It’s been a crazy week with some unusual and new experiences, so let’s turn to more enjoyable things—here’s what I learned about the Portland food scene this week .
There’s a Portland pizza podcast. Yes, that’s right, and it’s a no-brainer kind of thing for this pizza-loving town. It’s hosted by Pizza Jerk Chef/Owner Tommy Habetz: “Portland Pizza Podcast features in depth interviews with some of the biggest names in Pizza today.” There are only two episodes up right now so it’s easy to catch up.
Goodbye Baja Fresh. A tipster mentioned to me that the Baja Fresh in the Hollywood District closed and a post on the Hollywood Boosters Facebook page confirmed it. Maybe it’s not really a big deal in the Portland restaurant ecosystem, but they offered a perhaps slightly healthier, slightly fresher option for those seeking fast food in Hollywood.

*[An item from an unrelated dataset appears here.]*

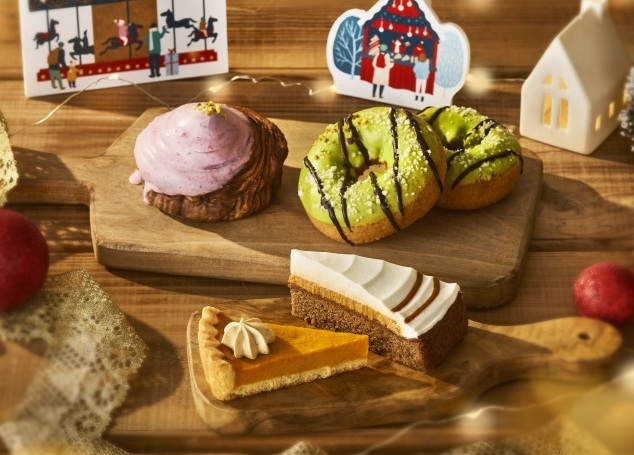 タリーズ ホリデーシーズン限定スイーツ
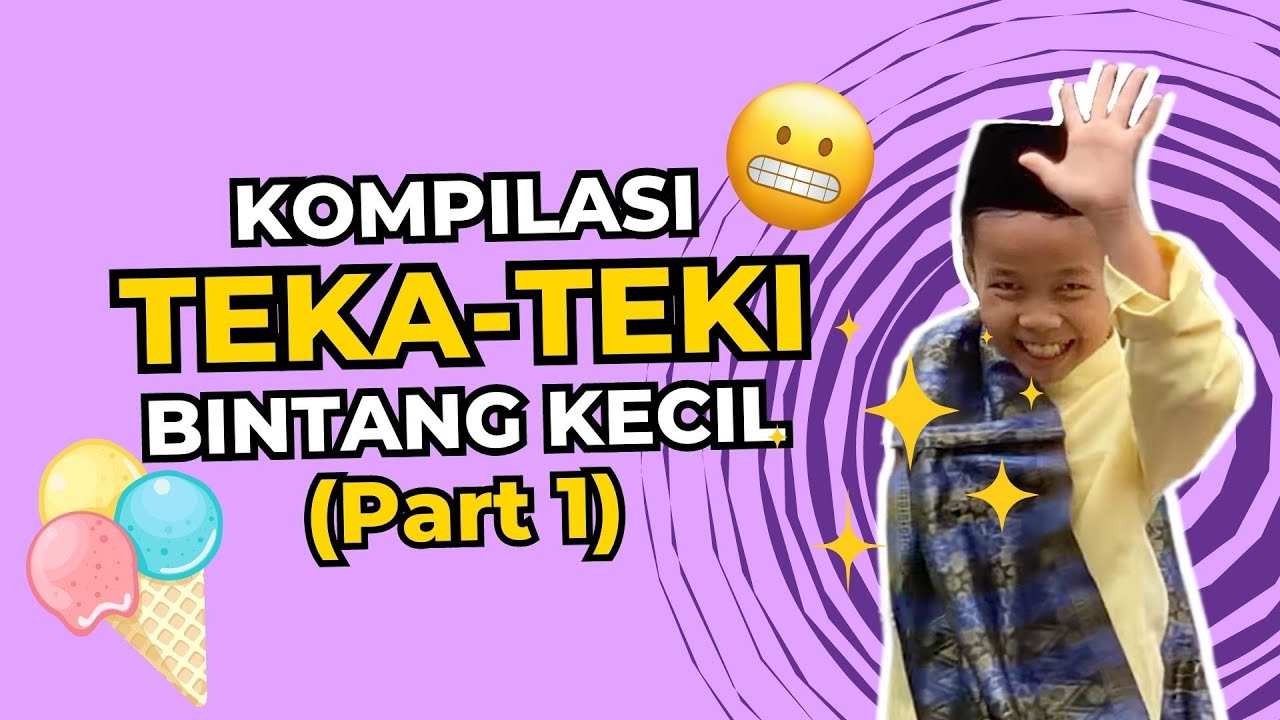 BUDAK KUNING BAGI TEKA-TEKI | BINTANG KECIL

Make baklava in Hollywood. While perusing the Hollywood Star during my most recent and outrageously delicious meal at Laughing Planet, I noticed this gem:
Nov 19, 3-4pm. Learn to make baklava just in time for the holidays with Armenian chef Angele Mahshigian. The sweet dessert is made with layers of filo dough filled with chopped nuts and drizzled with honey or syrup. Free. Registration required: 503-288-8303. Hollywood Senior Center, 1820 NE 40th Ave.
Arkansas Black apples in Portland. A tipster on Facebook noted that New Seasons in Hollywood currently has these unusual apples. This fruit is considered very special to some apple connoisseurs, and involves a little bit more time than your average apple. According to Atlas Obscura, “Arkansas Black apples aren’t meant to be eaten straight off the tree. In fact, the best thing you can do to one is put it in the refrigerator and forget about it until next season. Patient pickers are rewarded with a sweet, firm fruit that offers notes of cherry, cinnamon, vanilla, and coriander, but only after having aged it in cold storage for a few months.” I’m definitely intrigued.
Bonus: Shiny Alberta Co-op Grocery news. Glad to hear about the refresh at the Alberta Co-op Grocery, one of my favorite independent food markets in town. More about the project, designed by Portland’s Propel Studio:
“The demographics of this neighborhood have been changing a lot, and a lot of new people are moving here,” [Propel co-founder Lucas] Gray said. “A lot of people just didn’t know the co-op existed or didn’t go in for whatever reason. So part of it was just kind of giving it a fresh look and feel and then creating some transparency so people know that it’s there.”
That involved relocating shelving, merchandise, coolers and other items that had obstructed visibility in the past. The co-op also got all new shelving, new lighting and other accents to make the space more inviting.
“It’s much more visual now,” Gray said.